**TASK TO COMPLETE**
Your answer must be the records below, given again exactly, with no pictures in it.

Records from a data collection
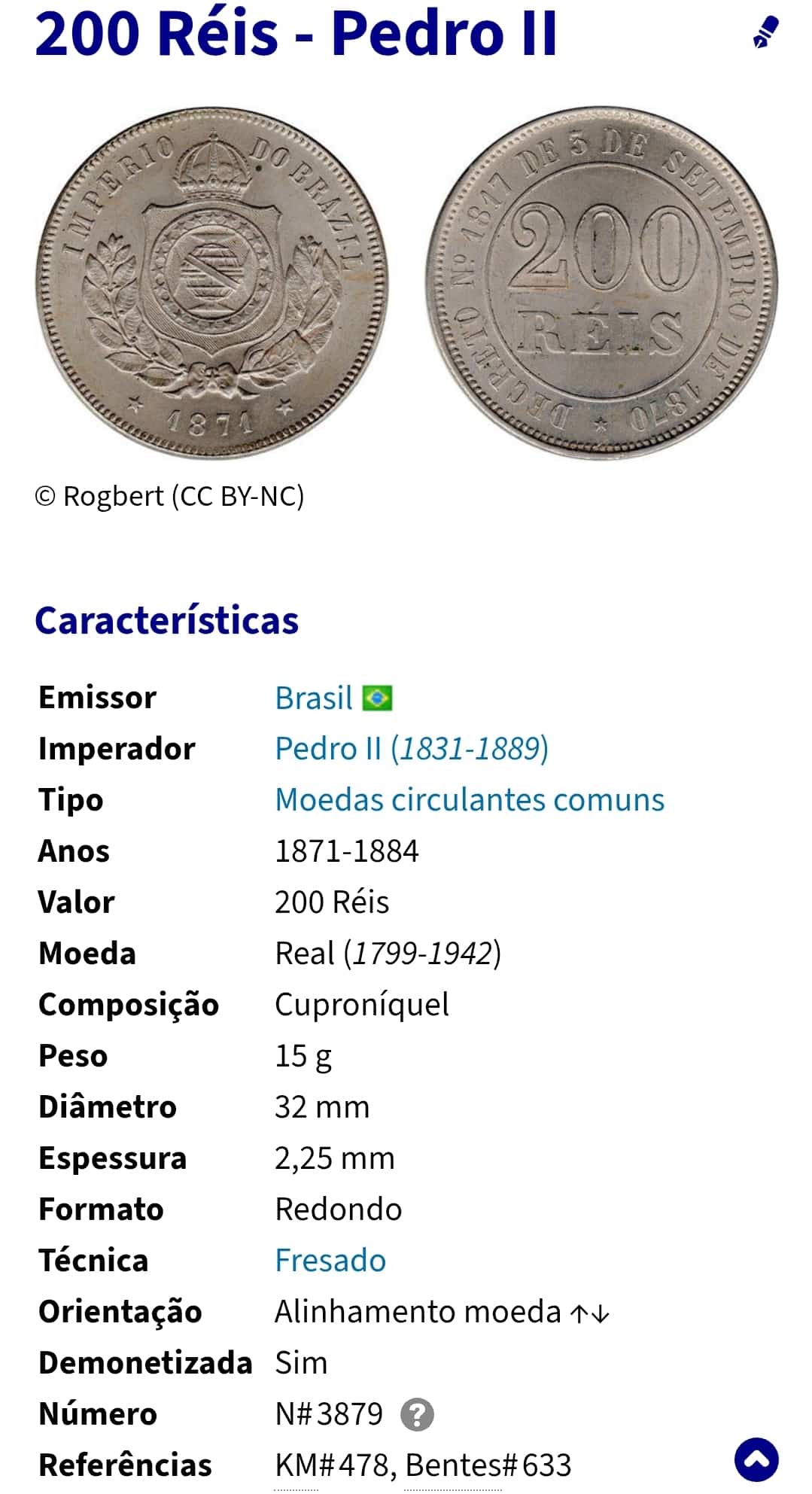 | Casa do Colecionador 200 Réis 1871 Sku 2251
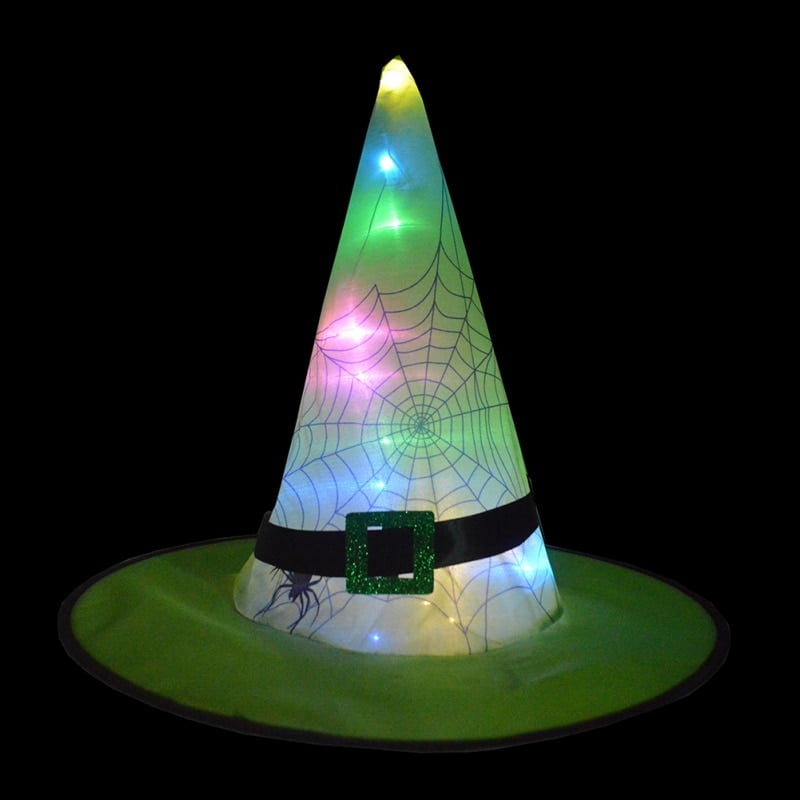 Halloween LED Lighted Witch Hats Hanging Decoration Hat Set, Glowing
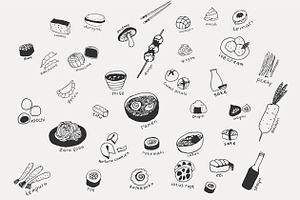 Japanese Food. Hand Drawn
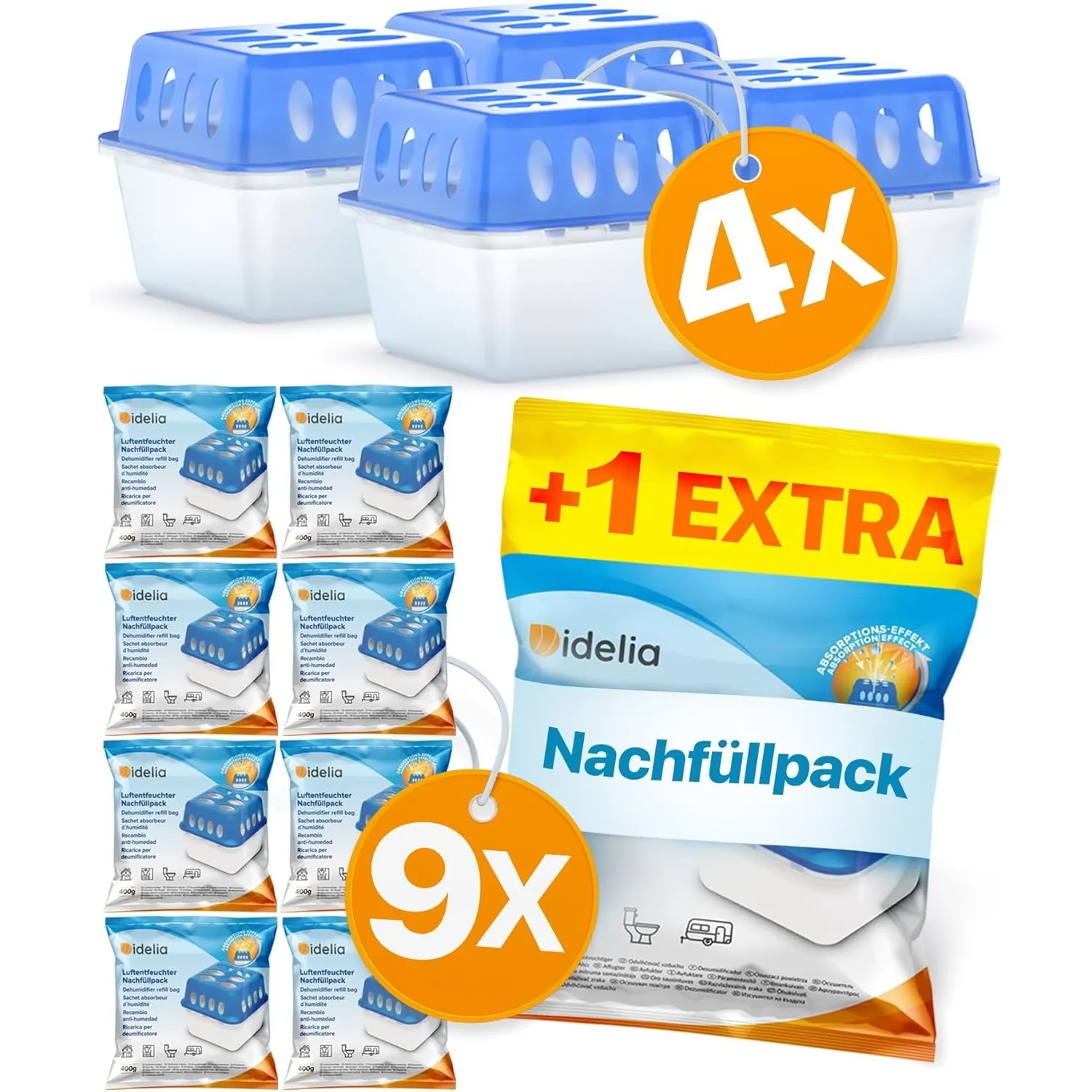 Idelia® 4x Luftentfeuchter + 9x 400g Nachfüllpacks - Raumentfeuchter für Bad, Keller uvm. bis 40m² + 9x Luftentfeuchter…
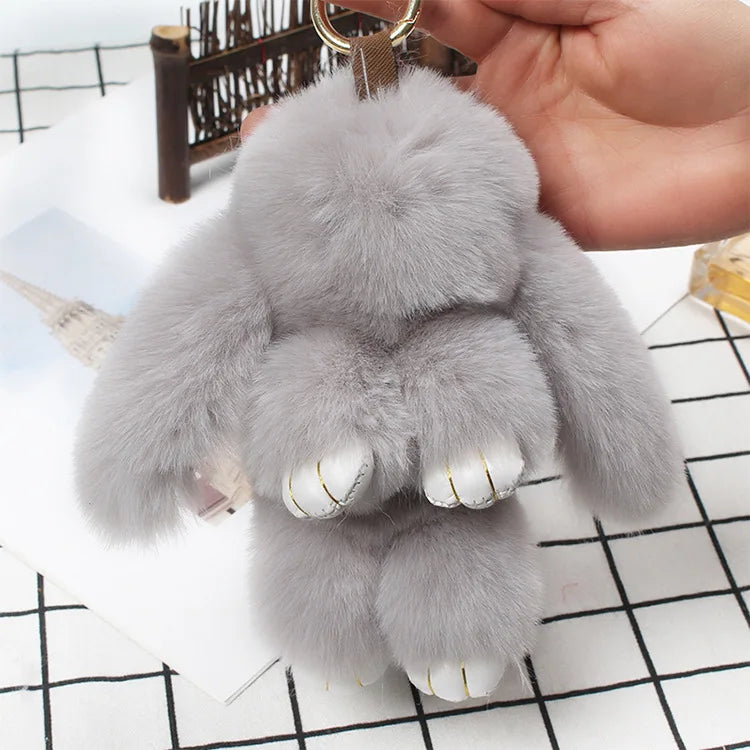 Cute Plush Bunny Keychain Women Fur Pom Pom Angel Rabbit Key Ring Hare Plush Dolls Toy Girls Bag Car Key Pendant Kids Xmas Gift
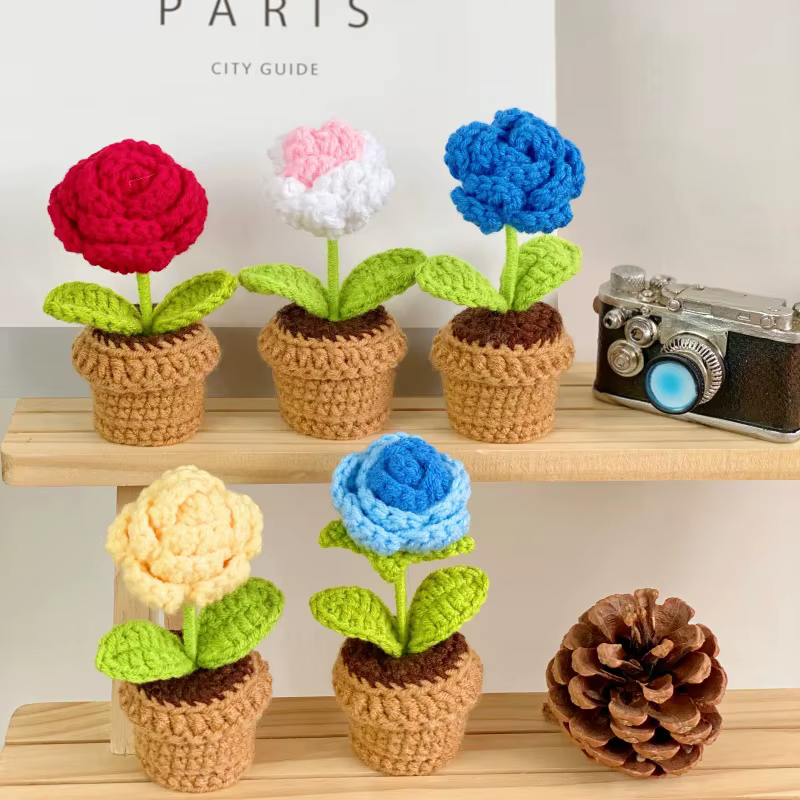 Garniture au Crochet Tuilp Rose Daisy tournesol en pot tricoté fleur bureau décoration mariage saint valentin cadeau pour les invités 2026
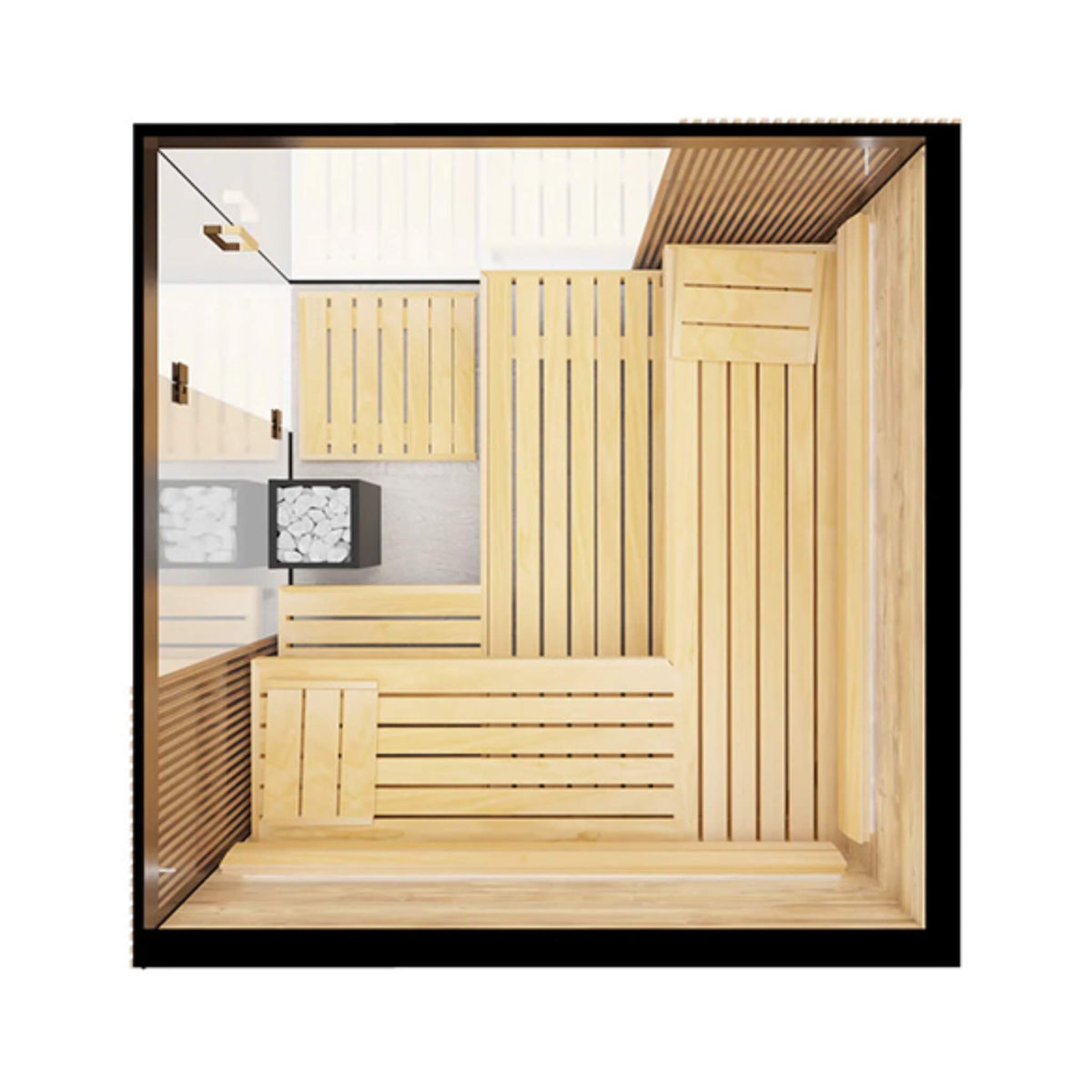 Aalto 4-Person Indoor Semi-Panoramic Glass Sauna Cabin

**RESULT OF THIS EXERCISE**
 | Casa do Colecionador 200 Réis 1871 Sku 2251
 Halloween LED Lighted Witch Hats Hanging Decoration Hat Set, Glowing
 Japanese Food. Hand Drawn
 Idelia® 4x Luftentfeuchter + 9x 400g Nachfüllpacks - Raumentfeuchter für Bad, Keller uvm. bis 40m² + 9x Luftentfeuchter…
 Cute Plush Bunny Keychain Women Fur Pom Pom Angel Rabbit Key Ring Hare Plush Dolls Toy Girls Bag Car Key Pendant Kids Xmas Gift
 Garniture au Crochet Tuilp Rose Daisy tournesol en pot tricoté fleur bureau décoration mariage saint valentin cadeau pour les invités 2026
 Aalto 4-Person Indoor Semi-Panoramic Glass Sauna Cabin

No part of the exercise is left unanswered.